DATA EXCERPT:
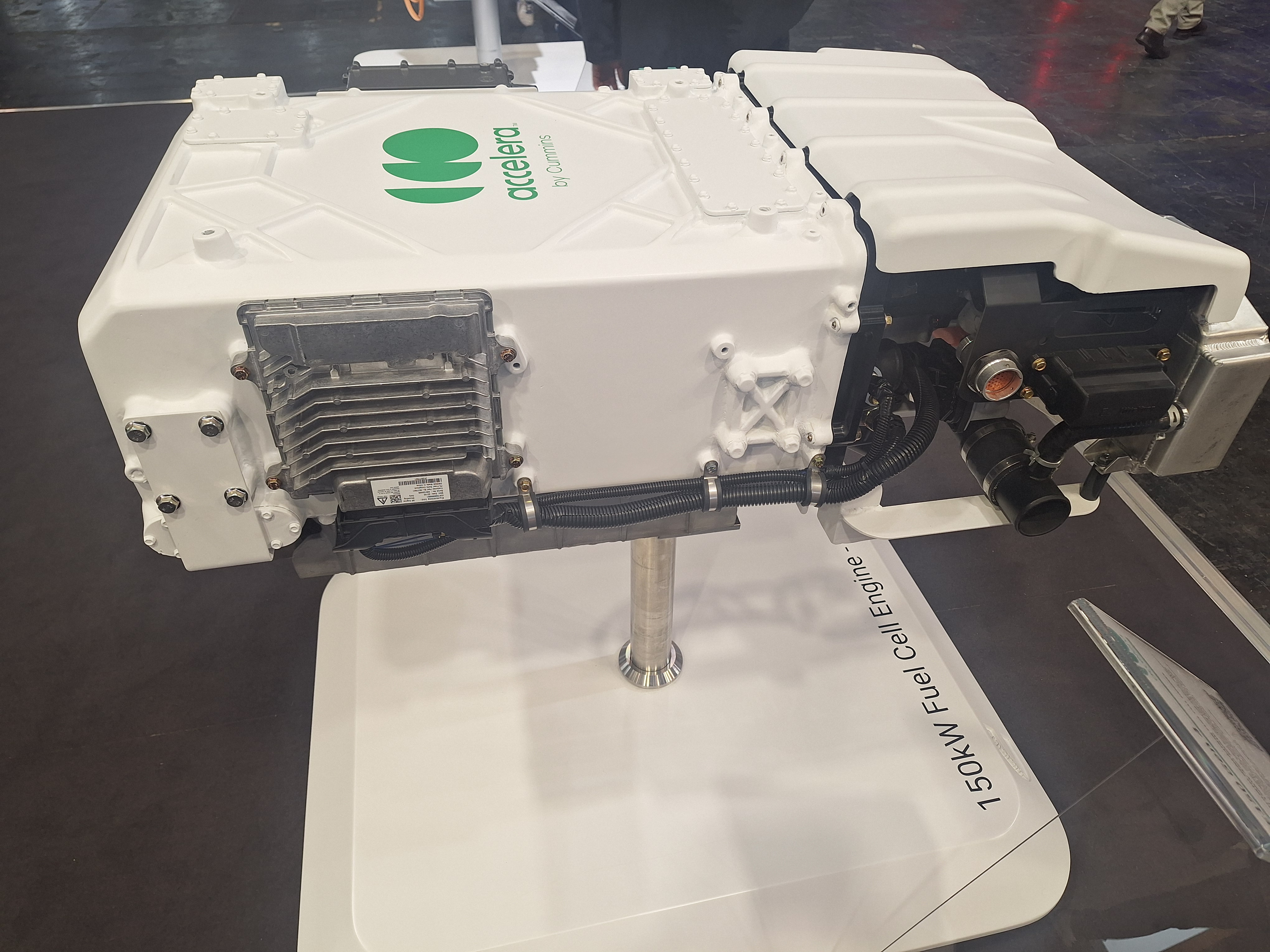 fuel cell engine Accelera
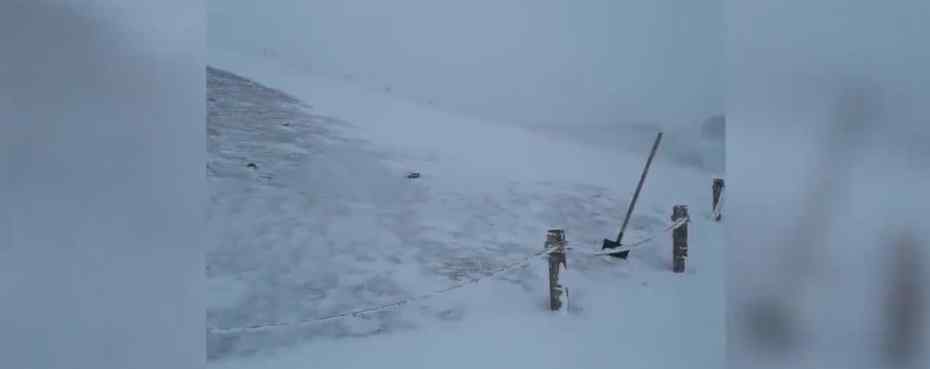 长白山连降大雪卫生间现2米雪墙 现场画面曝光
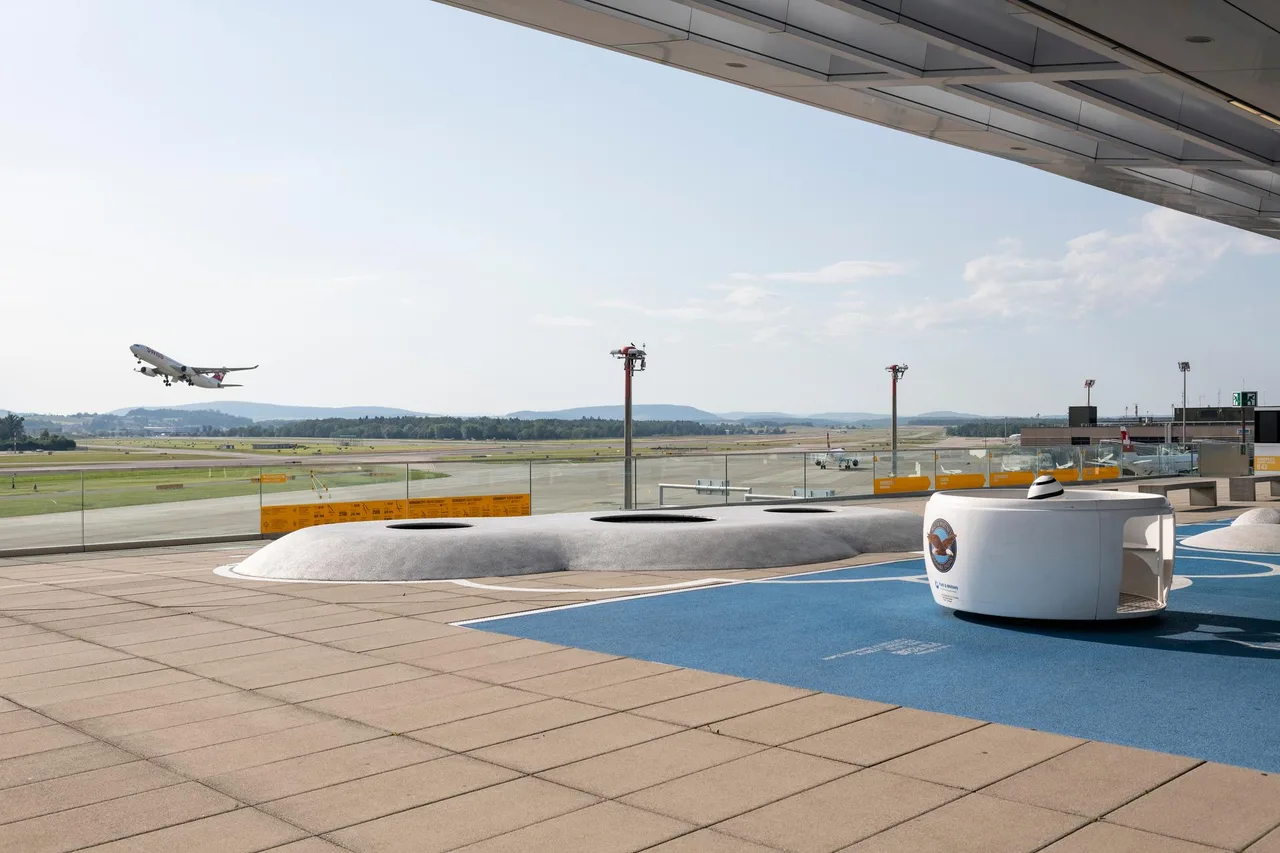 Observation Deck B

PROBLEM STATEMENT: A faithful copy of all the data above, without its pictures, is the expected result.

ANSWER SPACE:
 fuel cell engine Accelera
 长白山连降大雪卫生间现2米雪墙 现场画面曝光
 Observation Deck B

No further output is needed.